Sit-tu-yin
Le sit-tu-yin (en birman : စစ်တုရင်), également appelés échecs birmans, est une variante du jeu d'échecs qui est un descendant direct du chaturanga indien qui date du premier millénaire après Jésus-Christ. Sit signifie armée ou guerre en birman ; le mot sittuyin peut être traduit par représentation des quatre composantes de l'armée à savoir les chars, l'éléphanterie, la cavalerie et l'infanterie.
Jeu de société
Date de 1re édition | XIe siècle ? |
---|---|
Format | plateau |
Mécanismes |
capture choix de la position de départ |
Joueur(s) | 2 |
Âge | À partir de 6 ans |
Durée annoncée |
de 30 minutes à plusieurs heures |
habileté physique Non | réflexion décision Oui | générateur de hasard Non | info. compl. et parfaite Oui |
Dans son pays d'origine, le sit-tu-yin a aujourd'hui été éclipsé par les échecs occidentaux, bien qu'il reste populaire au nord-ouest du pays et fasse l'objet d'un championnat national[1].
Matériel
Plateau
Le sit-tu-yin se joue, comme les échecs, sur un plateau carré de 64 cases de même couleur. Les grandes diagonales reliant les coins opposés, appelées sit-ke-myin (lignes du général) sont également matérialisées[1].
Pièces
Les pièces sont traditionnellement sculptées dans du bois ou parfois dans de l'ivoire. La taille des pièces varie selon leur importance. L'un des joueurs a des pièces rouges, et l'autre en a des noires. Leurs déplacement sont les suivants[1]:
- Mín-gyi (grand roi)
- Équivalent au roi des échecs ; il peut se déplacer d'une case dans toutes les directions.
- Sit-kè (général)
- Analogue au farzin du chatrang ; il peut se déplacer d'une case en diagonale.
- Sin (éléphant)
- Analogue au général d'argent du shogi ; il peut se déplacer d'une case en diagonale ou vers l'avant.
- Myin (horse)
- Équivalent au cavalier des échecs ; il a un déplacement en L d'une case orthogonalement puis d'une case en diagonale dans la même direction.
- Yahhta (chariot)
- Équivalent à la tour des échecs ; il se déplace d'un nombre arbitraire de case en ligne ou en colonne.
- Nè (soldat)
- Équivalent au pion des échecs ; il peut avancer d'une case en ligne droite mais ne recule pas et il capture en diagonale devant lui.
- Déplacement du Mín-gyi.
- Déplacement du yahhta.
- Déplacement du sit-kè.
- Déplacement du sin.
- Déplacement du myin.
- Déplacement du nè.
Règles
Placement initial des pièces
Au départ seuls les soldats sont présents sur le plateau ; ils sont placés suivant le diagramme ci-contre. Ensuite le joueur rouge place ses autres pièces dans son camp avec les contraintes suivantes[1]:
- Les chariots sont placés n'importe où sur la première ligne ;
- Les autres pièces sont placés n'importe où sur les deuxièmes et troisièmes lignes ;
- Il est permis de remplacer un soldat par une autre pièce et de redéployer le soldat dans son camp.

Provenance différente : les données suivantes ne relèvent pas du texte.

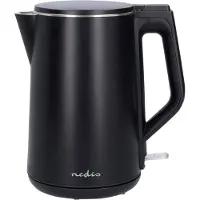 Nedis KAWK361EBK Vattenkokare Kontrolljus Svart Kapacitet: 1.5 l
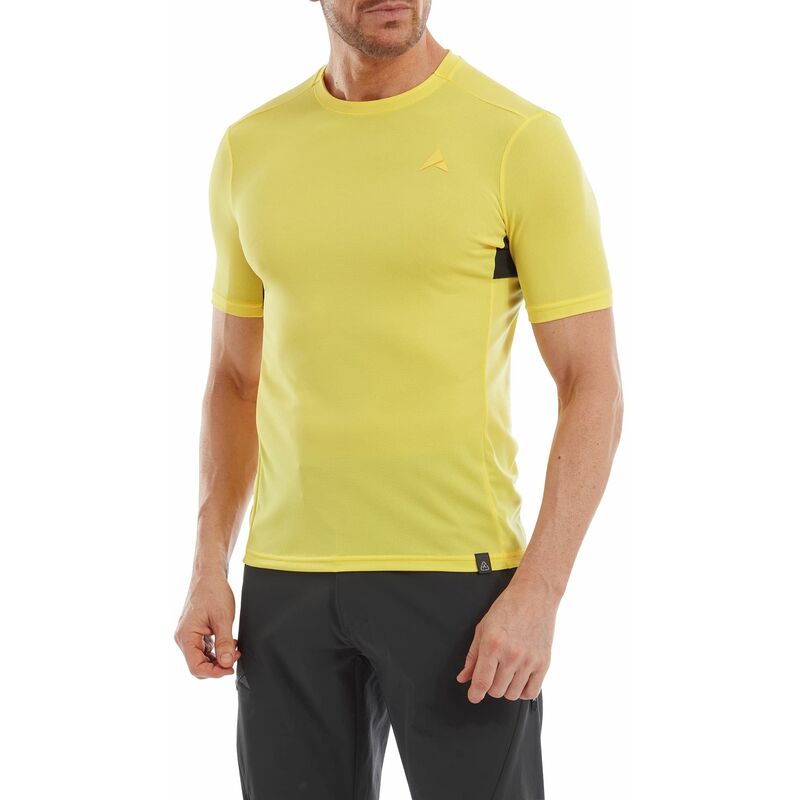 Altura Kielder Men'S Lightweight Short Sleeve Cycling Jersey 2022: Yellow S - Zfal25mmess1-99-S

C'est ensuite au tour des noirs de déployer leurs pièces dans leur camp avec les mêmes contraintes, et l'interdiction de mettre de chariot dans la même colonne que le grand roi adverse, sauf s'il y a une pièce rouge autre qu'un soldat entre les deux[1].
Tour de jeu
Le joueur rouge commence la partie[1]. Chaque joueur joue alternativement un coup qui peut être soit le déplacement d'une de ses pièces, soit la promotion d'un soldat (voir infra), soit la capture d'une pièce adverse. La capture s'effectue en déplaçant une de ses pièces sur la case occupée par la pièce à capturer, qui est alors retirée du jeu[1].
Promotion des soldats
Il est possible de transformer un soldat en général lorsque celui-ci atteint une case du camp adverse située sur l'une des deux grandes diagonales, avec les contraintes suivantes[1]:
- il n'est pas possible d'avoir plus d'un général sur le plateau ;
- la promotion n'est pas immédiate et peut s'effectuer ultérieurement soit sans bouger (la promotion compte pour un coup) soit à l'issue d'un déplacement d'une case en diagonale qui ne capture ni le roi ni le général adverse ;
- si un soldat est déjà présent sur une case de promotion lorsque le général est capturé, il est possible de le promouvoir de la même manière que précédemment ;
- un pion qui dépasse les cases de promotion ne peut plus être promu.
Fin de la partie
Le but du jeu est de capturer le roi de l'adversaire. Contrairement aux échecs, il est obligatoire d'annoncer les menaces de capture et le pat est interdit : il faut toujours laisser une possibilité de mouvement à l'adversaire s'il n'est pas mis en échec[1].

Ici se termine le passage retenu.